(Short web captions)
━━━━━━━━━━━━━━━━━━━━
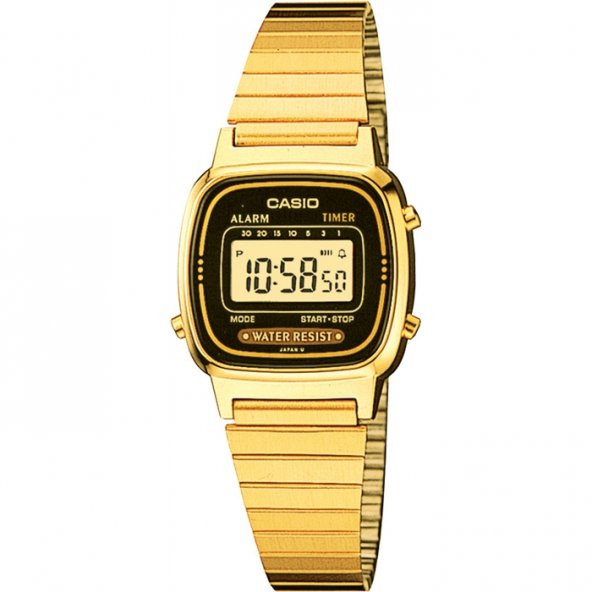 Casio LA670WGA-1DF Kadın Kol Saati ERSA TÜRKİYE RESMİ SATICI - 1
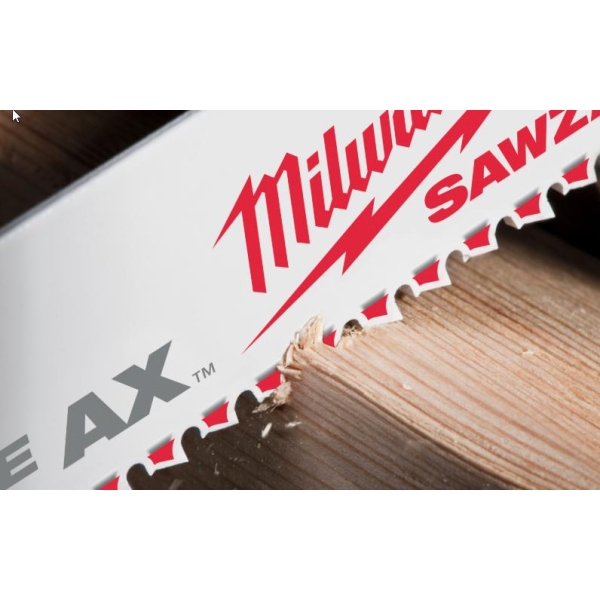 BAJONETTSAGBLAD AX 230/5 25 stk , Milwaukee - Bilde 2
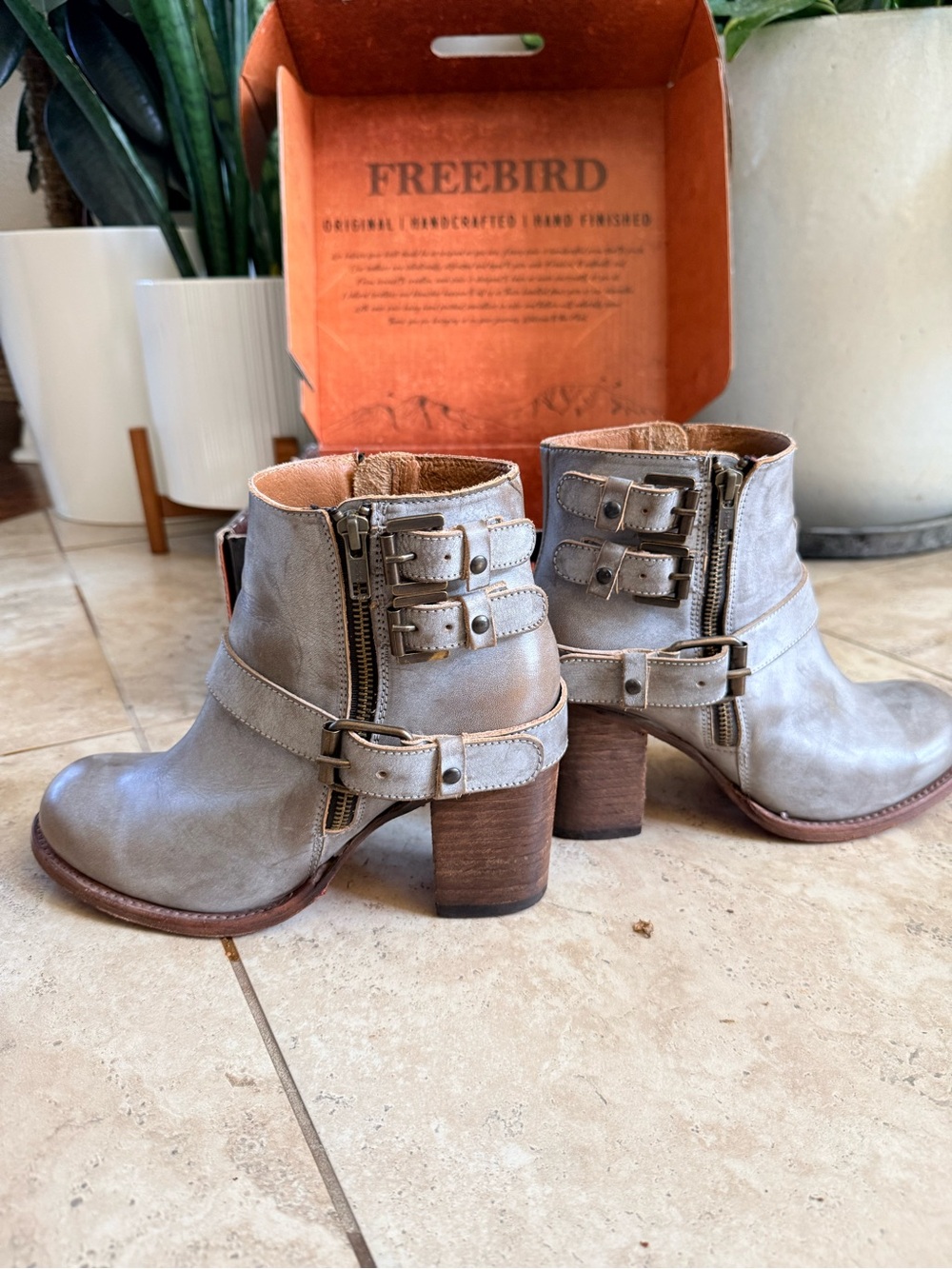 Freebird Bolo Ice ankle boots
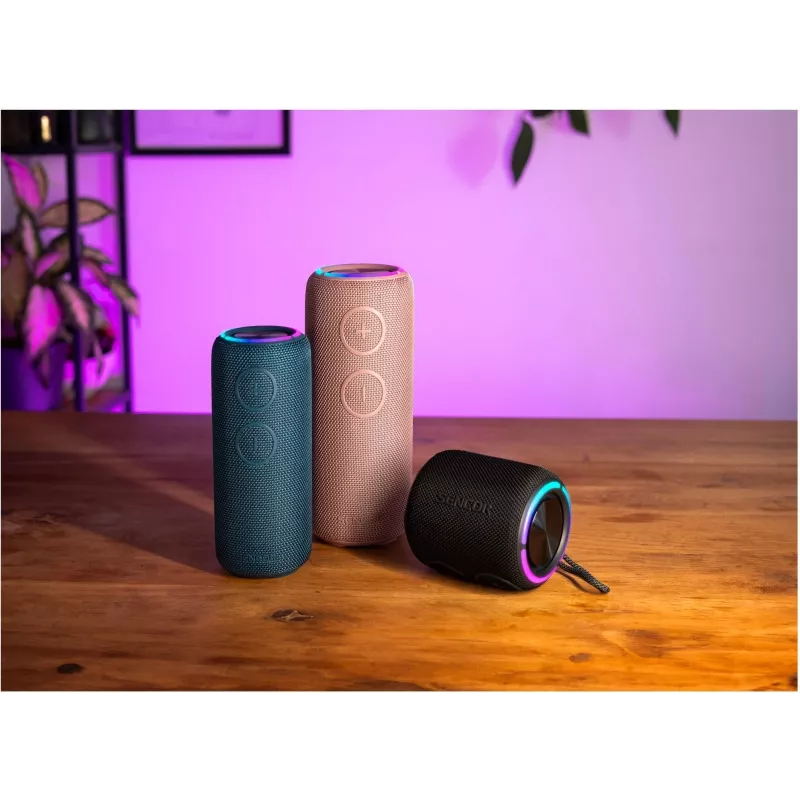 Bluetooth-kõlar SIRIUS 2 Must, võimsus 20 W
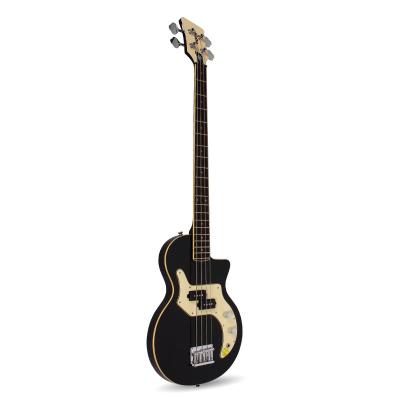 China Beginner Bass Guitar 6 Strings 3 Color Options Musical Instrument Electric Professional ODM OEM for sale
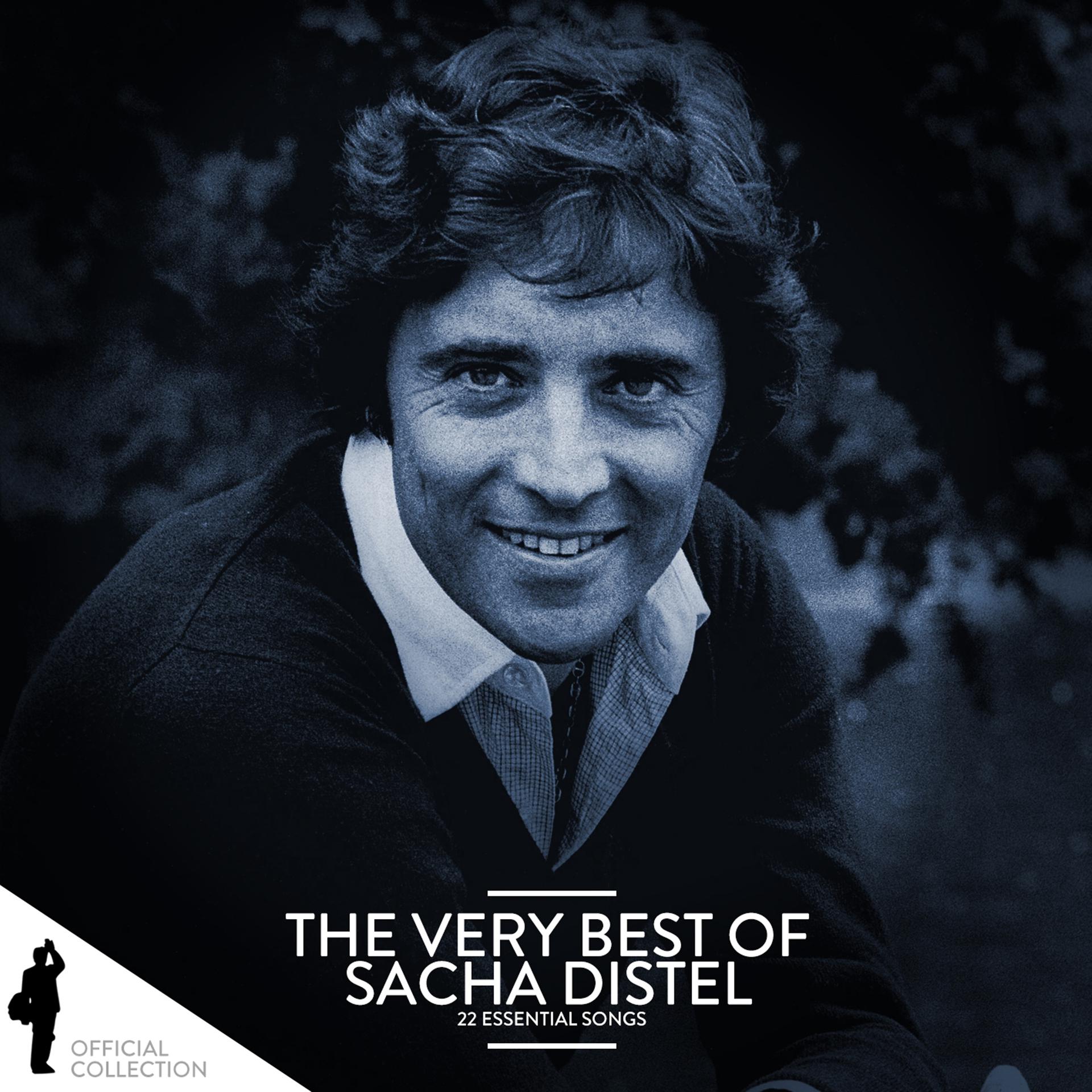 Постер альбома The Very Best of Sacha Distel (22 Essential Songs)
━━━━━━━━━━━━━━━━━━━━
## TASK ITEM
Only the text of the records belongs in your answer, copied exactly as it appears above.

## SOLUTION TO THIS EXERCISE
 Casio LA670WGA-1DF Kadın Kol Saati ERSA TÜRKİYE RESMİ SATICI - 1
 BAJONETTSAGBLAD AX 230/5 25 stk , Milwaukee - Bilde 2
 Freebird Bolo Ice ankle boots
 Bluetooth-kõlar SIRIUS 2 Must, võimsus 20 W
 China Beginner Bass Guitar 6 Strings 3 Color Options Musical Instrument Electric Professional ODM OEM for sale
 Постер альбома The Very Best of Sacha Distel (22 Essential Songs)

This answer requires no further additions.